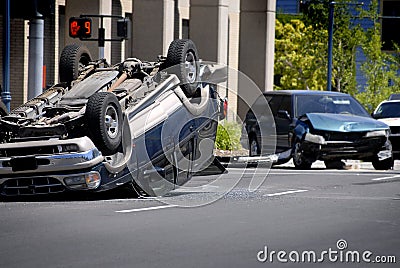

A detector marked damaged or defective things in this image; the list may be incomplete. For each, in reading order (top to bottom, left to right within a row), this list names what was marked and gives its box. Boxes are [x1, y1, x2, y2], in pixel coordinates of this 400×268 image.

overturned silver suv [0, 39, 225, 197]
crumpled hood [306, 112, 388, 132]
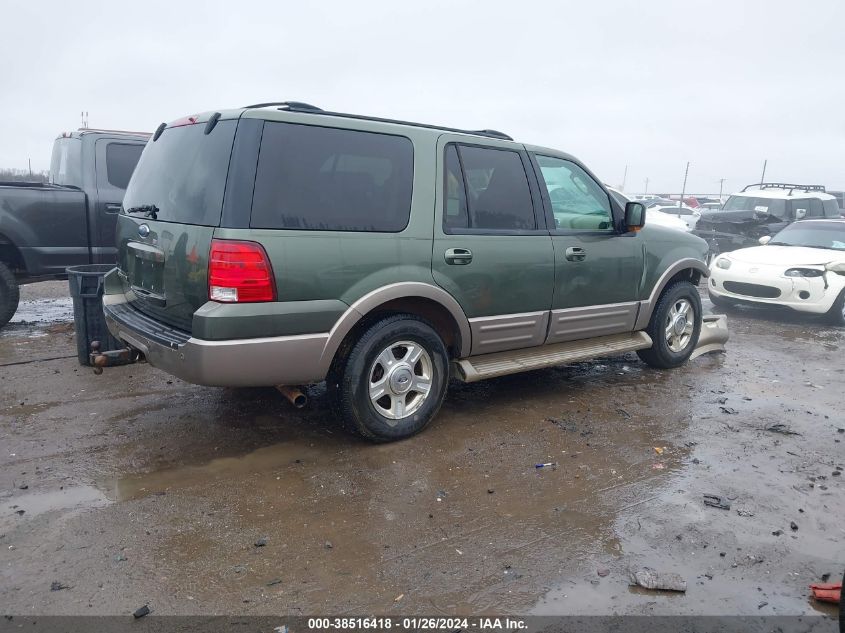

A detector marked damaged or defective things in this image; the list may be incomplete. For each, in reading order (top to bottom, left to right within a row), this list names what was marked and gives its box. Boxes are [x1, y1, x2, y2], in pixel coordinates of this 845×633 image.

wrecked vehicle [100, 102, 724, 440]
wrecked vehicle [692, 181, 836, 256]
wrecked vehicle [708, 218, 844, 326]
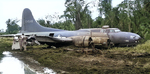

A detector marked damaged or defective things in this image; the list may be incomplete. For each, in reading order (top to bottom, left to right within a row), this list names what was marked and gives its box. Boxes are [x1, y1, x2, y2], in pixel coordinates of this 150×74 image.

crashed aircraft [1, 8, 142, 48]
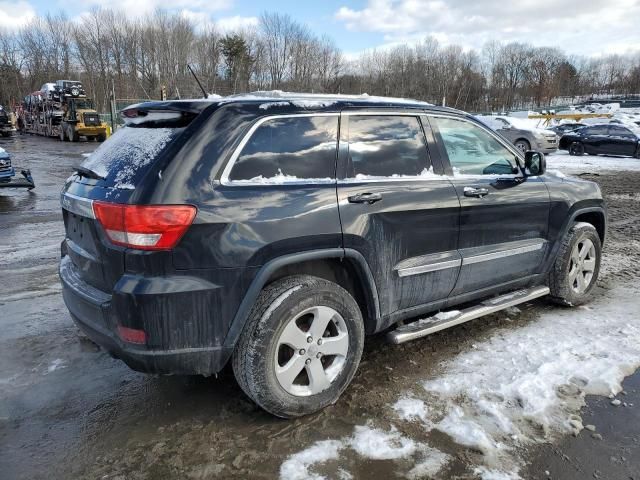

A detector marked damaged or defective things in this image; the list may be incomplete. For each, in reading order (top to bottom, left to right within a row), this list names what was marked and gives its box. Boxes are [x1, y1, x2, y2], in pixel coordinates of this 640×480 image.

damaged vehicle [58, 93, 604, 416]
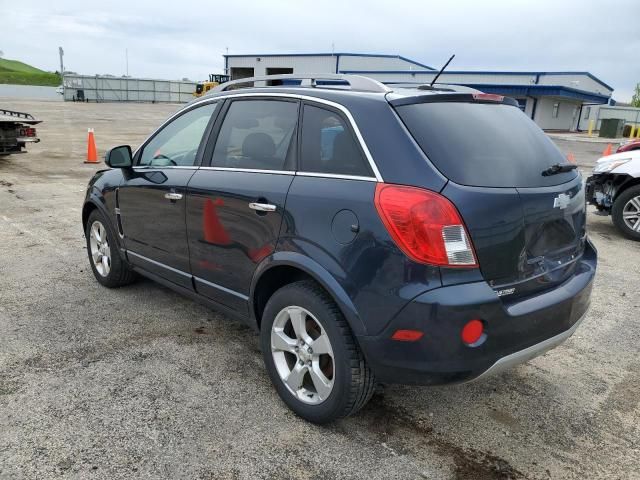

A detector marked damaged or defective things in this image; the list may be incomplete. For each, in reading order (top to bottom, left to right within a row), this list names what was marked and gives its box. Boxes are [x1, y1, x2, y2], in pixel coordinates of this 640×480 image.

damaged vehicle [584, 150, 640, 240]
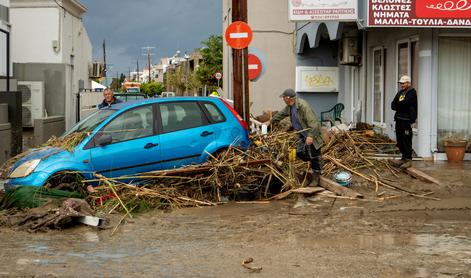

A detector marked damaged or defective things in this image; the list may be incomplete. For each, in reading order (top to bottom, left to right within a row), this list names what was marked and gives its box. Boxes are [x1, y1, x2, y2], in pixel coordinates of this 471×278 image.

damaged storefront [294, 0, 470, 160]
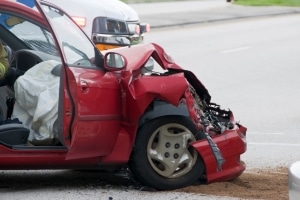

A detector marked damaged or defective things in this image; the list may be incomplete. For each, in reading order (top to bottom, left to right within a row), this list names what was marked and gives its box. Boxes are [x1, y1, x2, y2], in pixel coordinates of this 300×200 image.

━━━━

Each entry is to be returned precisely as it appears, but the pictures are to be dropped.

A detector marked damaged or defective things in this image; the list may be incomplete. For each, in reading order (top to bottom, left to right within a row), this list names what was marked and gives its box. Boxes are [x1, y1, x2, y2], in pixel coordinates of this 400×268 image.

overturned silver suv [0, 39, 225, 197]
crumpled hood [306, 112, 388, 132]

A detector marked damaged or defective things in this image; the list may be incomplete. For each, in reading order (top to bottom, left to right within a row), this list names what was marked and gives its box. Boxes are [x1, y1, x2, y2], in pixel coordinates of this 845×633 image.

wrecked vehicle [100, 102, 724, 440]
wrecked vehicle [692, 181, 836, 256]
wrecked vehicle [708, 218, 844, 326]

A detector marked damaged or defective things in this image; the list may be incomplete. For each, in reading order (top to bottom, left to right within a row), this list names what was marked and gives its box. Boxes are [x1, y1, x2, y2], in pixel coordinates of this 150×74 image.

crashed aircraft [1, 8, 142, 48]

A detector marked damaged or defective things in this image; the list may be incomplete. For each, in reading order (top to bottom, left to right within a row), this list names what was marked and gives its box. Boxes are [x1, y1, x2, y2], in pixel coordinates of this 640×480 image.

damaged vehicle [58, 93, 604, 416]

A detector marked damaged or defective things in this image; the list may be incomplete. For each, in reading order (top to bottom, left to right within a row), this list names what was marked and gives its box. Boxes are [x1, y1, x2, y2], in pixel coordinates of this 640×480 image.

damaged vehicle [584, 150, 640, 240]

A detector marked damaged or defective things in this image; the list may be incomplete. For each, in reading order (top to bottom, left to right within a row), this list names what was marked and gives its box. Boxes are [x1, y1, x2, y2], in pixel coordinates of this 471×278 image.

damaged storefront [294, 0, 470, 160]

A detector marked damaged or defective things in this image; the list may be incomplete. For each, in reading order (top to bottom, left to right within a row), this list names what was marked and gives its box. Boxes are [x1, y1, x2, y2], in pixel coordinates of this 300×200 image.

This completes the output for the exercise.